Wednesday, January 28, 2009

Sherman




Are the ghosts of previous years totally ignored? Does anyone listen to the whispers or gaze upon the stone walls and wonder?

Chicago Revival of Desire Under the Elms

This staging has gotten rave reviews!!!

Has O'Neill Lost His Appeal?

Are Eugene O'Neill's plays lacking in appeal to the under '30 generation?
They resonated for folks born in the early 20th century because they dealt with issues so important then: the decline of agrarian New England, the rise of materialism, the prevalence of poverty and so on. I read them in college. 
What about now?

Tuesday, January 27, 2009

The Provincetown Players Connection to Sherman

     Just remembered this: Eleanor Fitzgerald, the business manager for the Provincetown Players was the first of the Greenwich Village set to buy a house in Sherman. She got Susan Jenkins Brown interested. Susan had gone to high school with Jimmy Light, one of the important parts of the Provincetown Players and was married to him before Slater Brown. They also went to high school with Malcolm Cowley (and the critic Burke) and they all hung out in Greenwich Village before they went up to Sherman in 1927/28. Paul Lund, Ann Price's father, was a seaman and labor agitator who worked at Players before he married Margaret Wilson.
     So although O'Neill disappeared from the scene to CA, much of his spirit was still in the Village and Sherman.

Edward Boyd-Barrett, ex SJ

    Boyd - Barrett was the Irish Jesuit who left the order in the 1920s. He was the son of one of James McCarthy's neices. (Others in the family still live in Dublin; Connor has met them; the youngest, adopted by David Boyd-Barrett is an anti-war activist; another story!)
     Boyd - Barrett and Nanny saw each other in New York, and then the BCB Seniors visited with them in Dublin. Jack Boyd-Barrett and his brothers were well educated Catholics who were very sympathetic to the cause of Irish Nationalism. Boyd-Barrett, by his own account was in trouble with the Jesuit hierarchy almost from the moment he joined. Studying psychology very rare for the times. Tried to meld psychology and Catholicism. When he left the order, and eventually returned it was very much read about and talked about in Catholic circles. 

questions

I have a ton. How did Dad ever get interested in O'Neil at first? Was it truly an affinity or just a sign of the times?

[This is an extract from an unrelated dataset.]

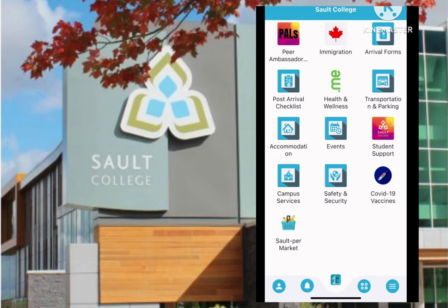Hello everyone. Today I'm going to walk you through on how to submit arrival forms before you travel to Canada. Please note these documents must be submitted at least 5 to 10 days before you depart from your home country. These are arrival information and emergency contact, which are all located in the arrival forms icon in your iSend app.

Lucey: As he describes it in Curse, he first saw O'Neill in 1946. O'Neill and Carlotta had been living in Danville, CA at Tao House for 10 years, while O'Neill tried to write his huge cycle of plays. Dad got the "Black Irishman" from an O'Neill family friend, who called him the gloomy type of Irishman.

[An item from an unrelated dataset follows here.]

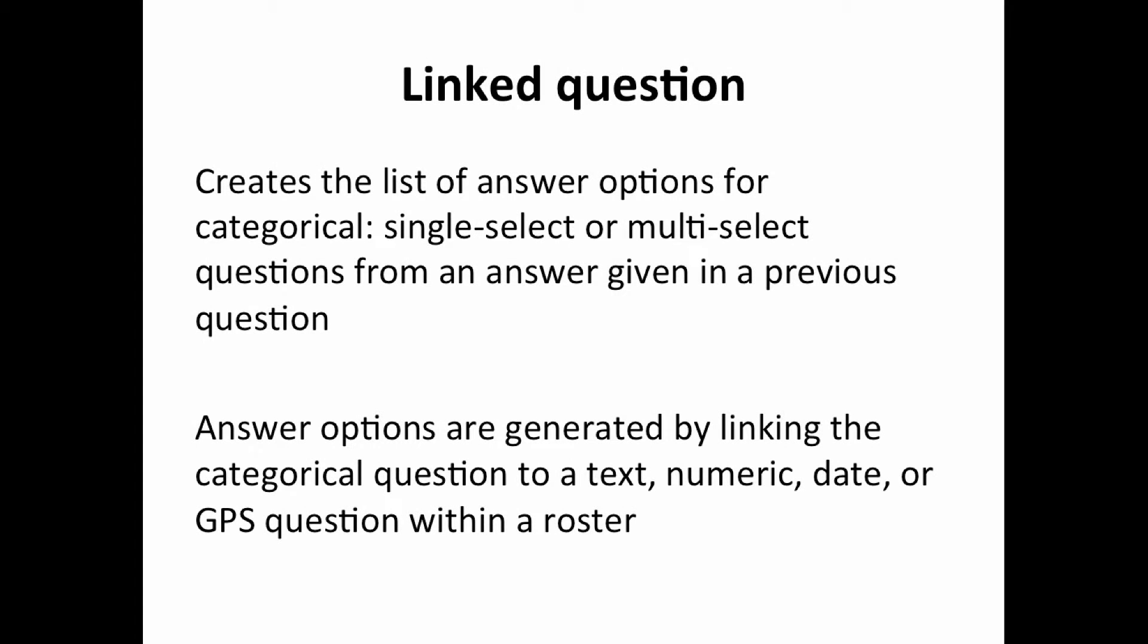The linked question creates a list of answer options for categorical single select or multi-select questions from an answer given in a previous question.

Dad indicates that before then, as with much of the country, he felt the plays were part of his life.

In 1958, when there was a revival of interest in O'Neill, he learned that Shane was in desparate straits in New Jersey, and Shane agreed to help him.

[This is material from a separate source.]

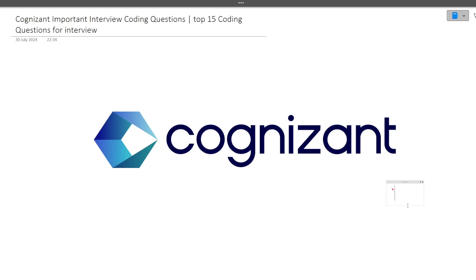Hi guys, welcome to Code Bashers. In this particular video, I will be discussing the important interview coding questions which can be asked in the Cognizant interview. Asking coding questions is common in GenC Pro or GenC Next roles. In this video, I will be discussing the top 15 coding questions which are very important as well as common in the Cognizant interview.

Corruption and Death in O'Neill

     Working through the tragedy of his father's permanent adoption of the role of Count of Monte Cristo and the death of his sibling are about guilt, and redemption: two very Catholic themes. Dad never talked about his father's role in the Toledo Bank Failure, and seldom about Peter's death...

But Is O'Neill Irish or American?

     I could make the case that O'Neill focussed on the American dream/drama. Desire is so totally what life was like in Sherman, CT in the 19th Century, for example. Some sons favored, some not, some lighting out for the territory, falling fertility rates, land shortage-all typical of 19th Century New England dying out as an agrarian society.
     Just a few shreds of evidence that O'Neill saw himself as a dark Irishman...

Monday, January 26, 2009

Thing I've wondered about BCB and O'Neill

What is this Irish thing about? For Dad? Was it real?